--- Instructions to follow ---
Print out the entries from the line containing "Building Photo - Cute, cozy and comfortable" through the last line, exactly, and print nothing else. Pictures are not copied.
▬▬▬▬▬▬▬▬▬▬
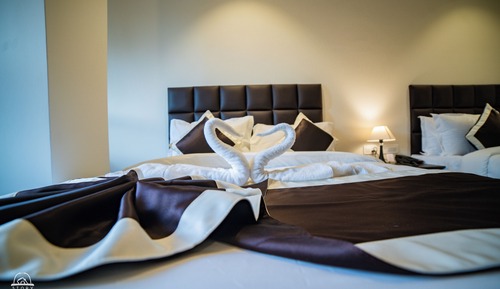 Room, Mountain View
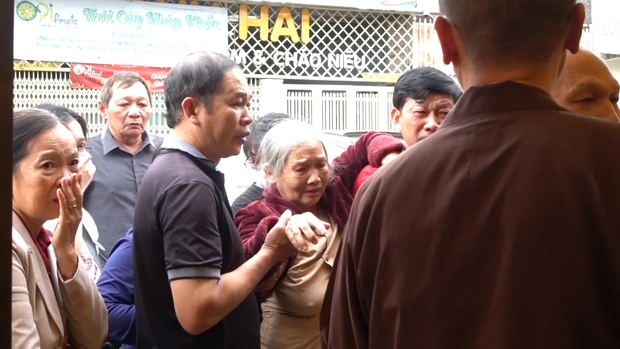 Mẹ trợ lý Dương Minh Ninh đau đớn kể về cuộc gọi cuối cùng của con trai - Ảnh 4.
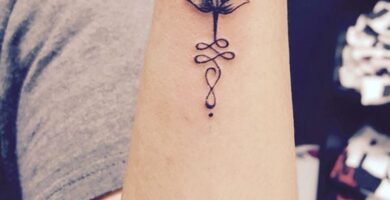 1 TOP 1 Tatuajes Sencillos Lindos y Esteticos Flor de Loto con Unalome en antebrazo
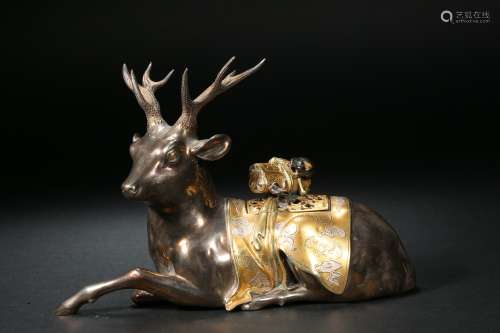 Silver gilt deer-shaped ornaments in the Qing Dynasty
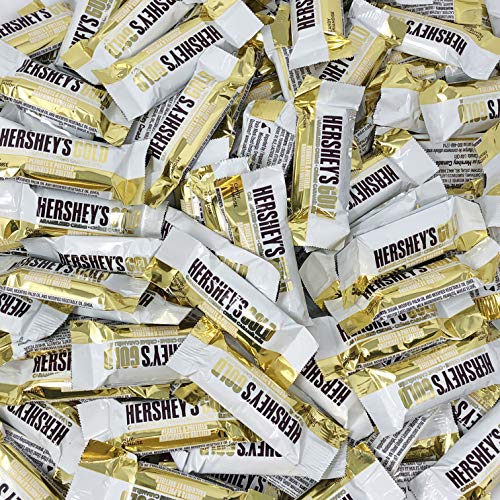 Hershey’s Gold Peanuts and Pretzels Bar with Caramelized Cream, Sweet Chocolate Bar, 5 Kilos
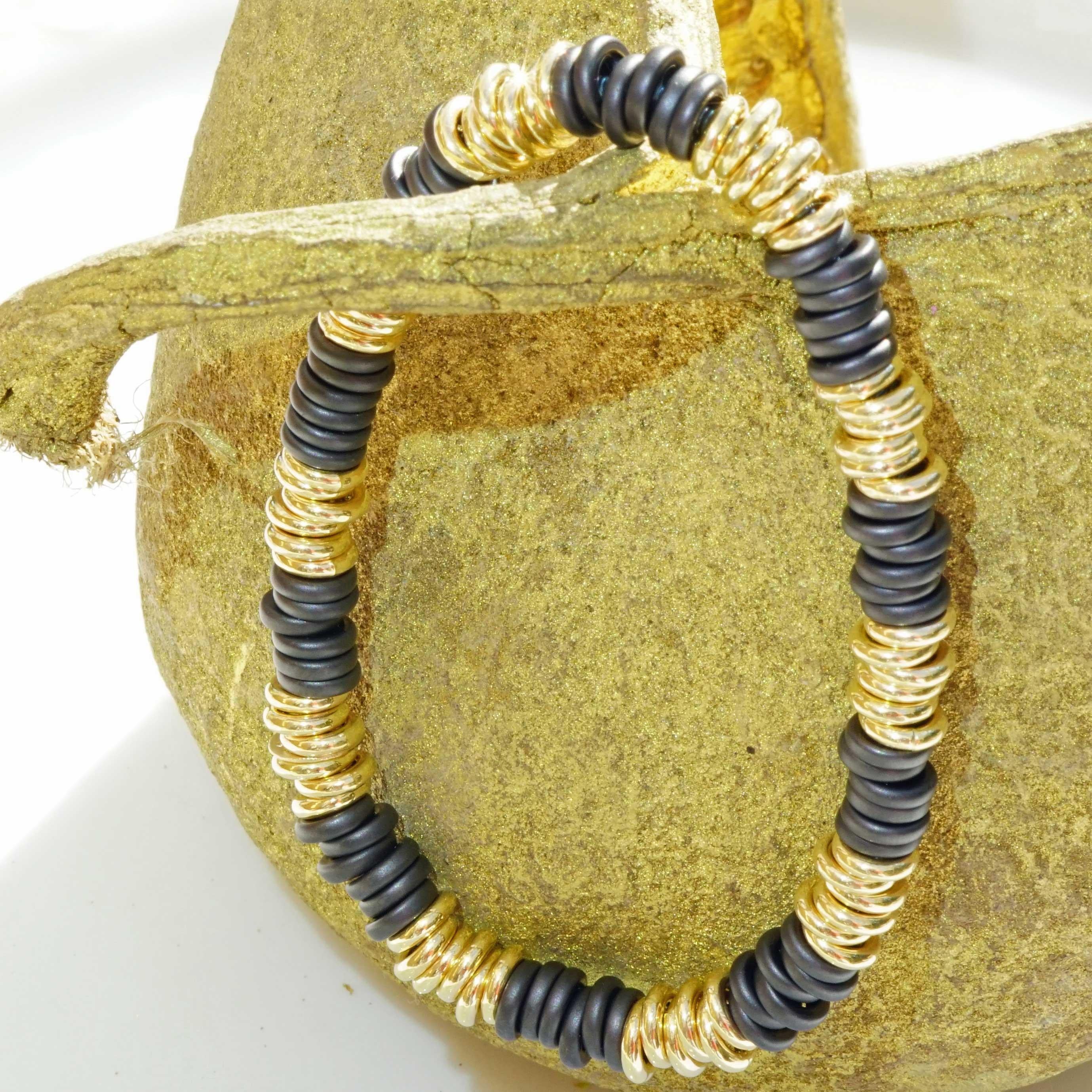 Taille brillant Bracelet en céramique de la populaire Loop Kollektion Silhouette Bentner Allemagne en vente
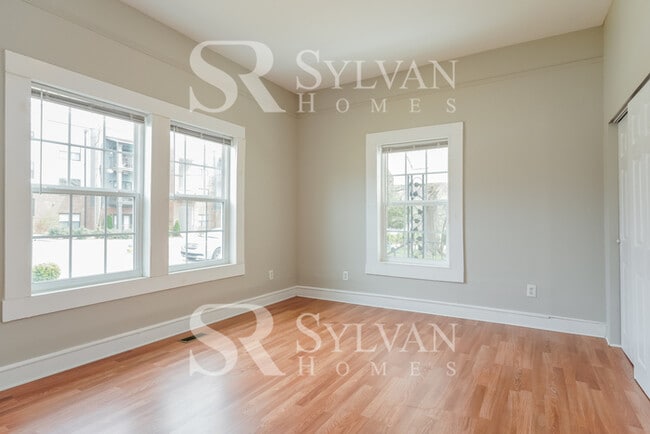 Building Photo - Cute, cozy and comfortable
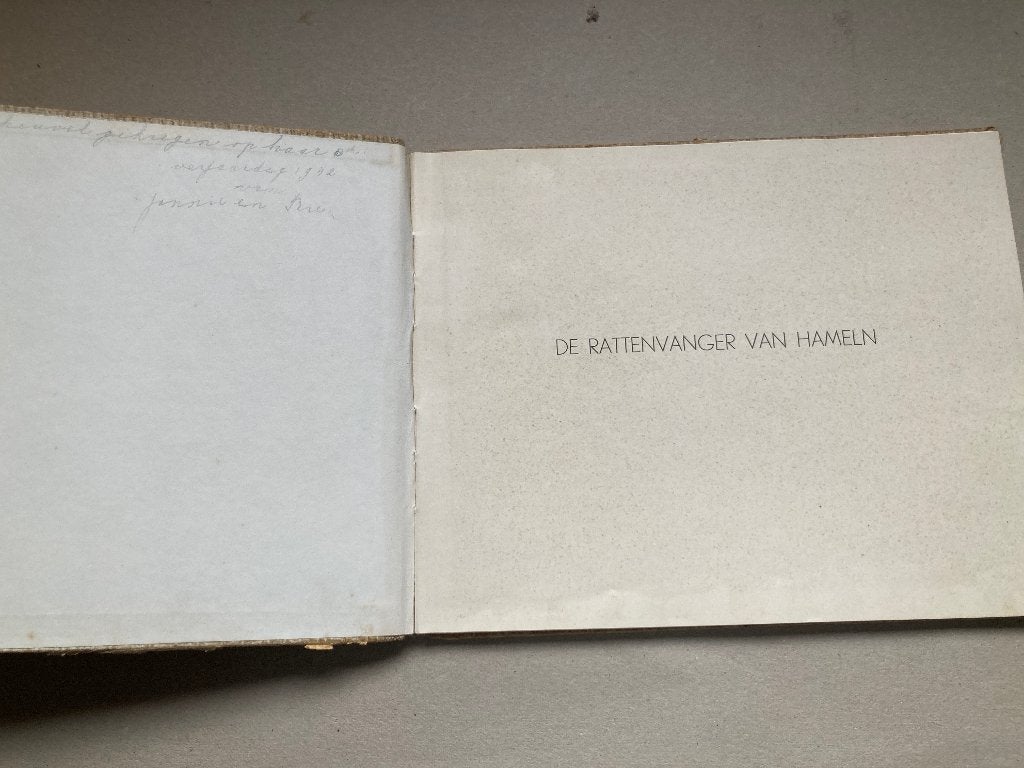 T.K. De Rattenvanger van Hameln Met tekeningen Rie Cramer, Ophalen of Verzenden, Gelezen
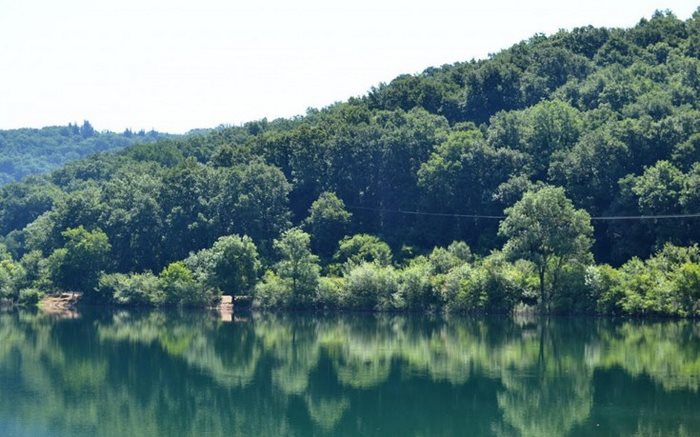 Λίμνη Ζηρού: Μια λίμνη μοναδικής ομορφιάς που λίγοι γνωρίζουν - Εικόνα 2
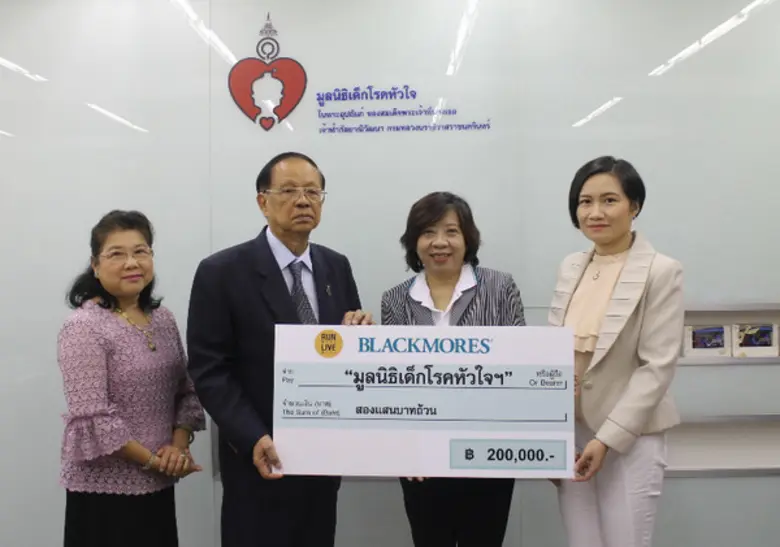 น.ส. ผุสดี สุจิตจร ผู้จัดการทั่วไป และน.ส...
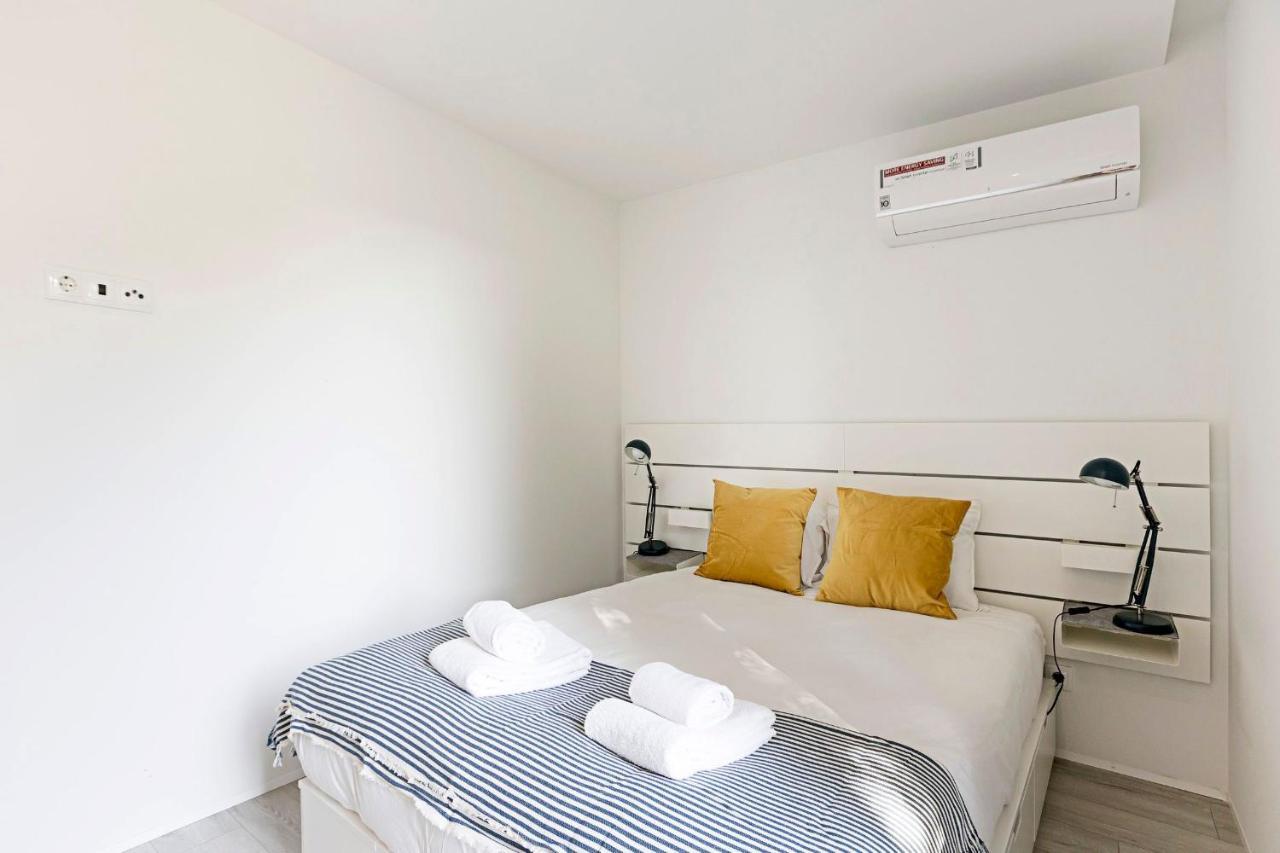 Stylish Flat W/ Gym & Parking By Lovelystay Porto Bagian luar foto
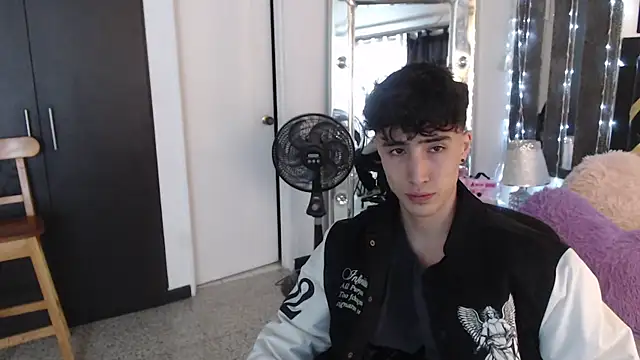 gojo satoru 18 online show from March 15, 12:02 pm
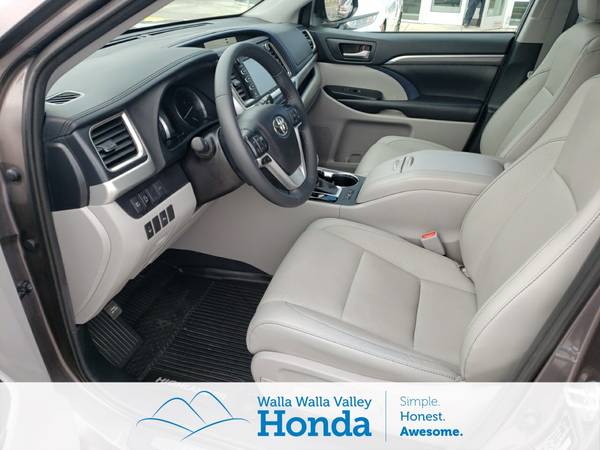 2019 Toyota Highlander Limited suv Gray - - by dealer for sale in College Place, WA – photo 9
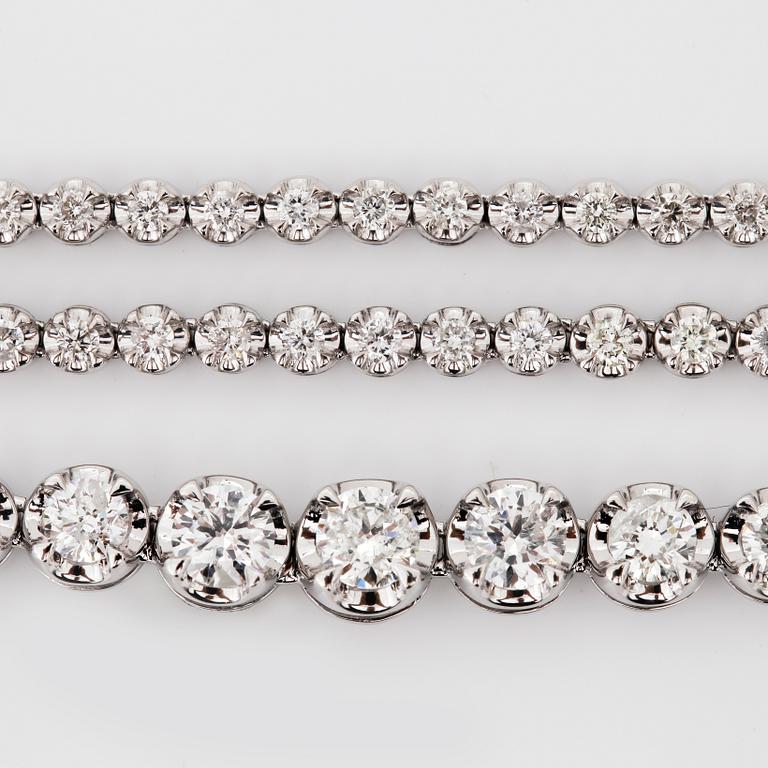 HALSBAND, ett treraders riviére med briljanter, totalt ca 17ct.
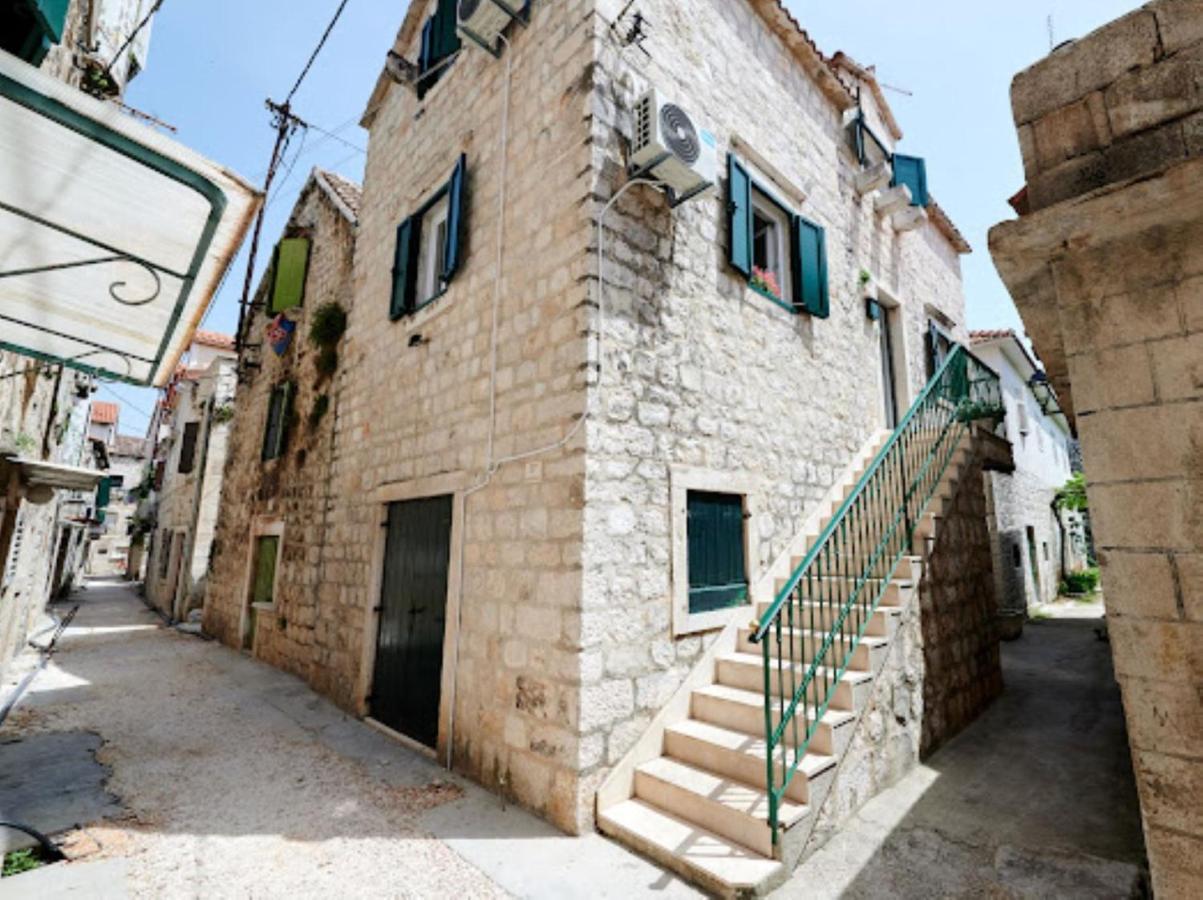 Guesthouse Ana Trogir Old Town Buitenkant foto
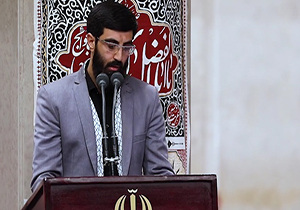 مداحی سیدرضا نریمانی در محضر فرمانده کل قوا + فیلم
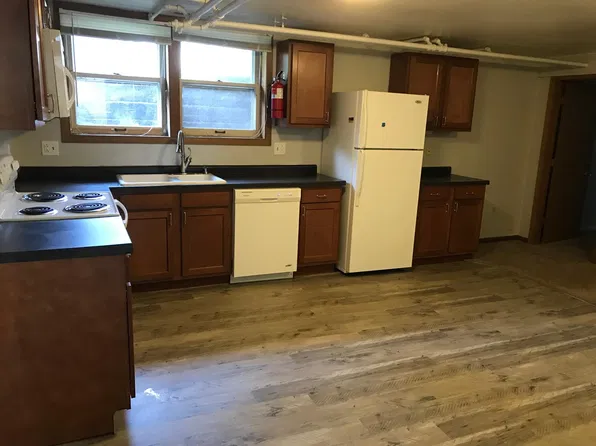701 N Gilbert St #1/2, Iowa City, IA 52245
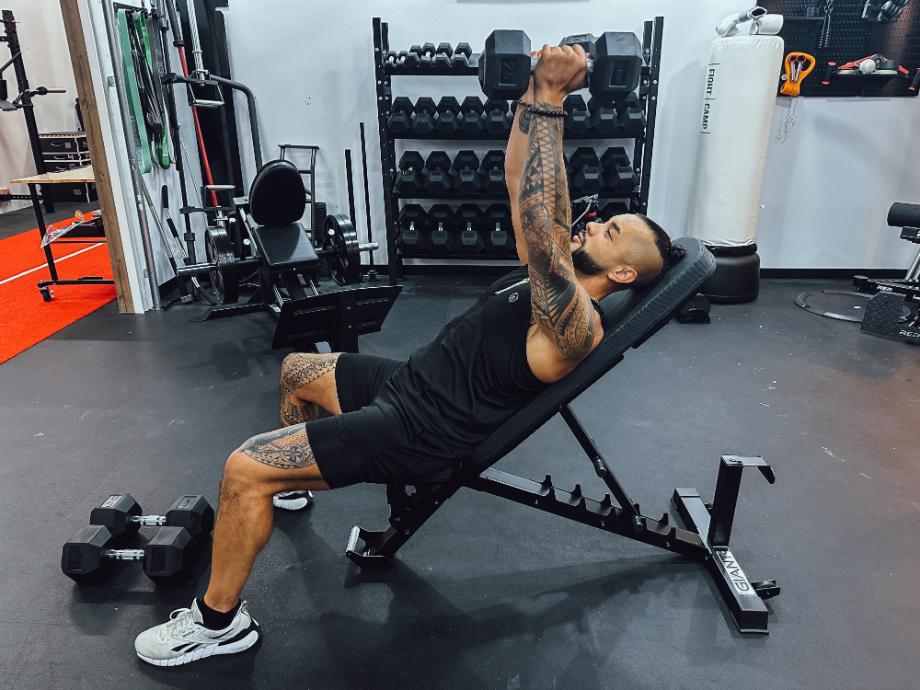 Giant Lifting Adjustable Weight Bench Review (2025): A Stable, Solid Budget Option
▬▬▬▬▬▬▬▬▬▬
--- Response area ---
 Building Photo - Cute, cozy and comfortable
 T.K. De Rattenvanger van Hameln Met tekeningen Rie Cramer, Ophalen of Verzenden, Gelezen
 Λίμνη Ζηρού: Μια λίμνη μοναδικής ομορφιάς που λίγοι γνωρίζουν - Εικόνα 2
 น.ส. ผุสดี สุจิตจร ผู้จัดการทั่วไป และน.ส...
 Stylish Flat W/ Gym & Parking By Lovelystay Porto Bagian luar foto
 gojo satoru 18 online show from March 15, 12:02 pm
 2019 Toyota Highlander Limited suv Gray - - by dealer for sale in College Place, WA – photo 9
 HALSBAND, ett treraders riviére med briljanter, totalt ca 17ct.
 Guesthouse Ana Trogir Old Town Buitenkant foto
 مداحی سیدرضا نریمانی در محضر فرمانده کل قوا + فیلم
701 N Gilbert St #1/2, Iowa City, IA 52245
 Giant Lifting Adjustable Weight Bench Review (2025): A Stable, Solid Budget Option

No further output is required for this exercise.